Waiting by the gate.

Undeniable.

 

You are the simplest wisdom.

Gracefully proud.

The tender touch of summer days,

That melt but never fade.

The breaking dawn of blues and greens,

Forever in my memories.

The resilient path,

Carved and captured in my heart.

The polished gem of hopeful dreams.

Everlasting.

***

Ten years have passed since that tender Christmas Eve moment at my sister’s home. Mom will be gone seven years in January. The pain of her loss has softened considerably, though now it returns like an old familiar friend on holidays, birthdays and anniversaries to remind me how much I loved her.
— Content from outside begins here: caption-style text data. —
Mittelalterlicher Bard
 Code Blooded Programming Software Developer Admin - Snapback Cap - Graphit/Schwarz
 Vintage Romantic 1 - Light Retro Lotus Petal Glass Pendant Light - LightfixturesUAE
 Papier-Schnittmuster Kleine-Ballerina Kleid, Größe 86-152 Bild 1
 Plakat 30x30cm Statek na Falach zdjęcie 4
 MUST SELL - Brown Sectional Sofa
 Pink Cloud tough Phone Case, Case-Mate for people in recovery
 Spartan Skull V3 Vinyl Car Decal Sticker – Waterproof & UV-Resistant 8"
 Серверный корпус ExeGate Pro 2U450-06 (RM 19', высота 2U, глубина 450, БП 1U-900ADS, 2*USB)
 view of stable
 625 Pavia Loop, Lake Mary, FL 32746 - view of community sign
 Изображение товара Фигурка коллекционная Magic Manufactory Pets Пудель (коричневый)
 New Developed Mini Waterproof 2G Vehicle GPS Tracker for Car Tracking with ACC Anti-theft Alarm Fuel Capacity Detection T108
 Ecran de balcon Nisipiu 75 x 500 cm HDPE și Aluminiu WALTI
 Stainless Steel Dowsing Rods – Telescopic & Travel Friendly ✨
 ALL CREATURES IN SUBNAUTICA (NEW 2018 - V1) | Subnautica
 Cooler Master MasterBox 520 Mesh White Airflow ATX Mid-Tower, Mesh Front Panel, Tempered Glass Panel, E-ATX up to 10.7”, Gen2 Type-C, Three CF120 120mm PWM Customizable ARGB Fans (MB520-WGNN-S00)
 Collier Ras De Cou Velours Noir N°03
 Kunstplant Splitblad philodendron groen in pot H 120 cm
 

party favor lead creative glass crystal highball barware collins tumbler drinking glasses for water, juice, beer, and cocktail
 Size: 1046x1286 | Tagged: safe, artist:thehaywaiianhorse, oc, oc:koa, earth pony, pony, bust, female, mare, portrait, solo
Remarkably, a cutting of one of my mother’s African violets, which she nurtured during the last ten or more years of her life, continues to thrive with Tom and me near our southern-facing windows. Yesterday on winter solstice, it absorbed the heat of the Scottsdale sun. Its purple blooms on the shortest day of the year are evidence that sometimes … against all odds … life and love go on.

As Christmas 2019 approaches, perhaps you’re like me. Thankful for life today. Thankful for family and friends who bring joy. Thankful for the memories of those who’ve gone and the reminders they’ve left behind.

Perhaps this story of everlasting gratitude will give you comfort and strength as you prepare to celebrate with family and friends … as you remember those absent from your circle.

This is my everlasting Christmas wish.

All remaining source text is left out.